(Records shown begins)

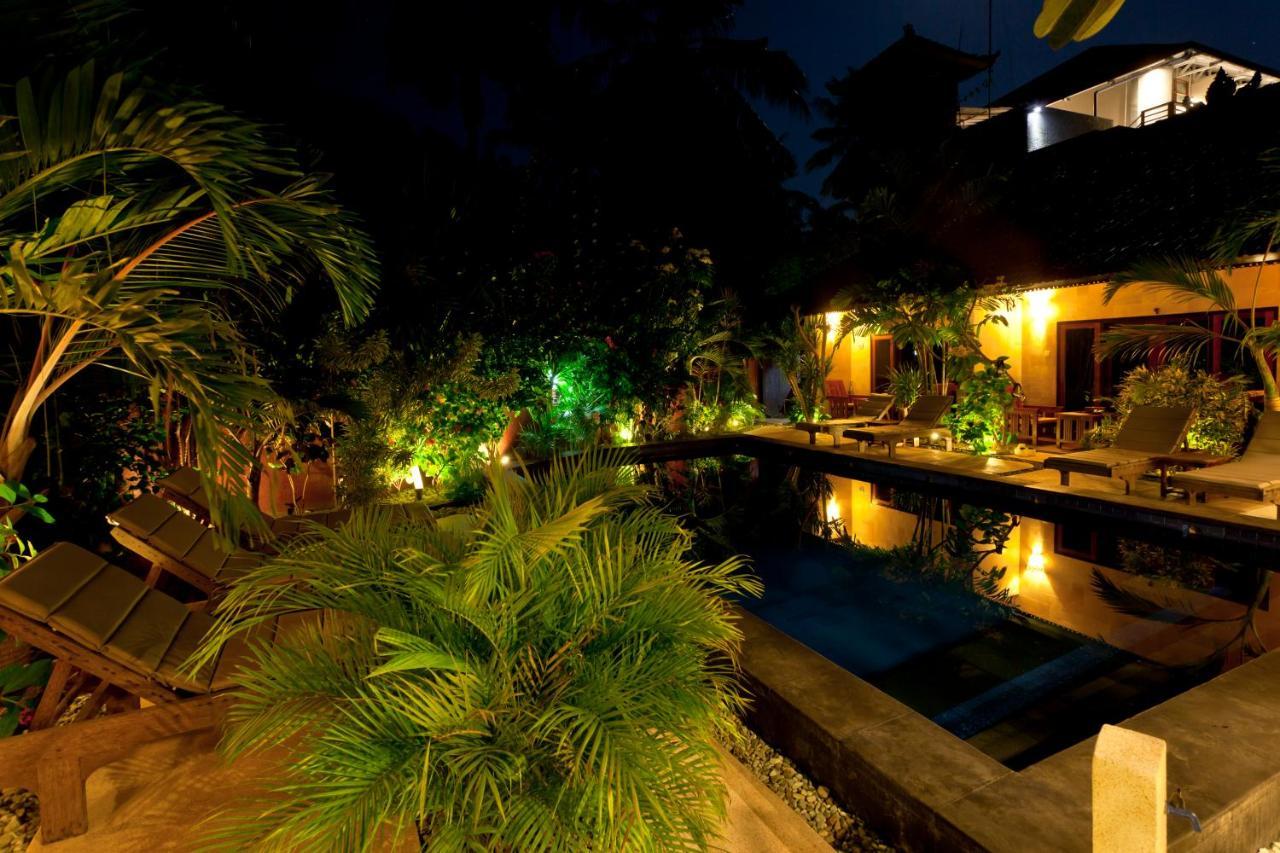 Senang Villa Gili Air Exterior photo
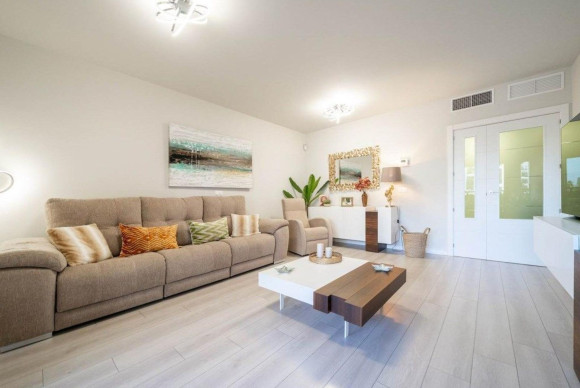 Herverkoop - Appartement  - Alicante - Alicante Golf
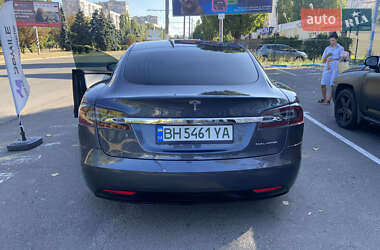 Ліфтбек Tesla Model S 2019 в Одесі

(Records shown ends)
(Records shown begins)

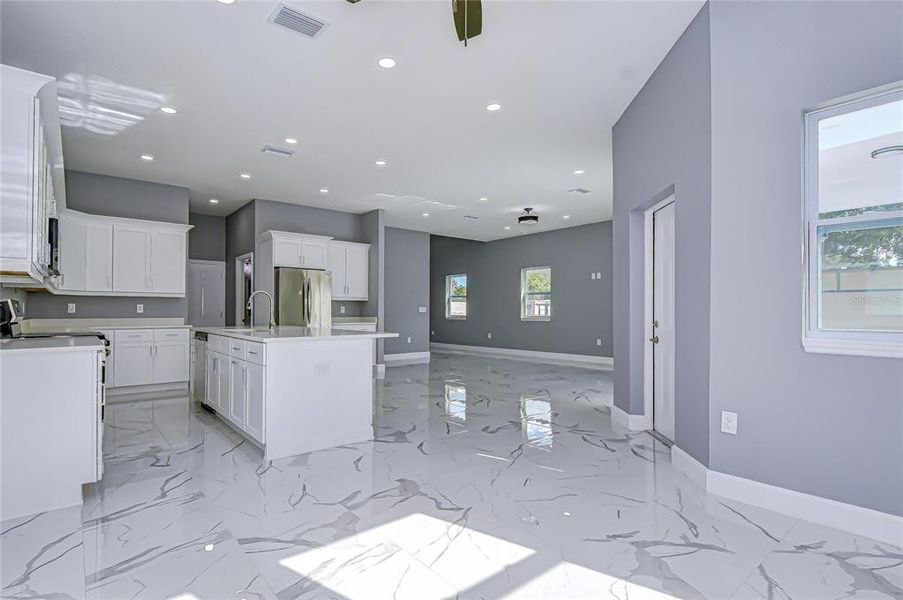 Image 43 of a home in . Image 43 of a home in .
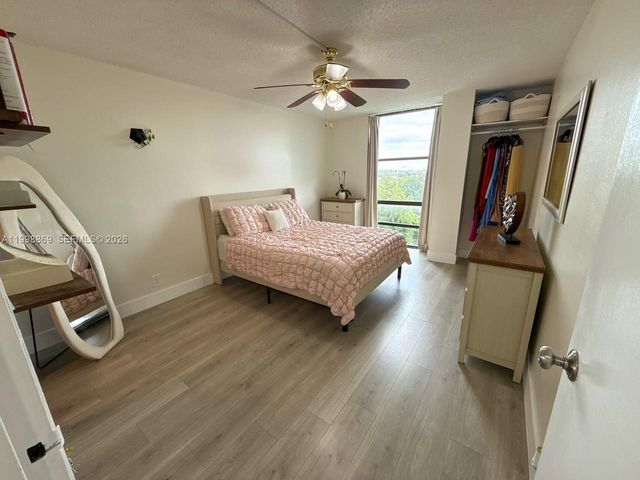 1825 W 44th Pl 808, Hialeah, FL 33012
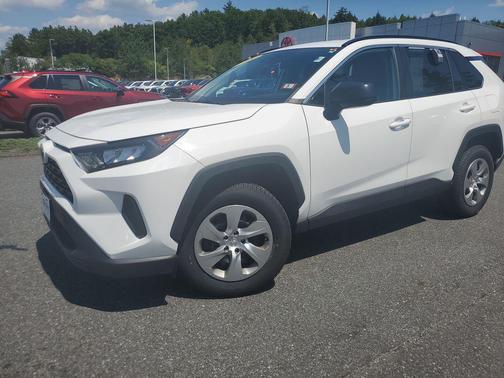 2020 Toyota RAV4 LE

(Records shown ends)
(Records shown begins)

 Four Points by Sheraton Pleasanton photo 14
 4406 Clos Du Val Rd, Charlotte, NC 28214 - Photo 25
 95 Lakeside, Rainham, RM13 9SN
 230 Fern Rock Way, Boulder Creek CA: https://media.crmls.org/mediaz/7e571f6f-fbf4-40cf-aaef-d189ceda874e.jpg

(Records shown ends)

> Your assignment: Repeat, exactly as they stand above, the lines from the line with "4406 Clos Du" to the line with "230 Fern Rock", both lines included.

> Exercise response:
 4406 Clos Du Val Rd, Charlotte, NC 28214 - Photo 25
 95 Lakeside, Rainham, RM13 9SN
 230 Fern Rock Way, Boulder Creek CA: https://media.crmls.org/mediaz/7e571f6f-fbf4-40cf-aaef-d189ceda874e.jpg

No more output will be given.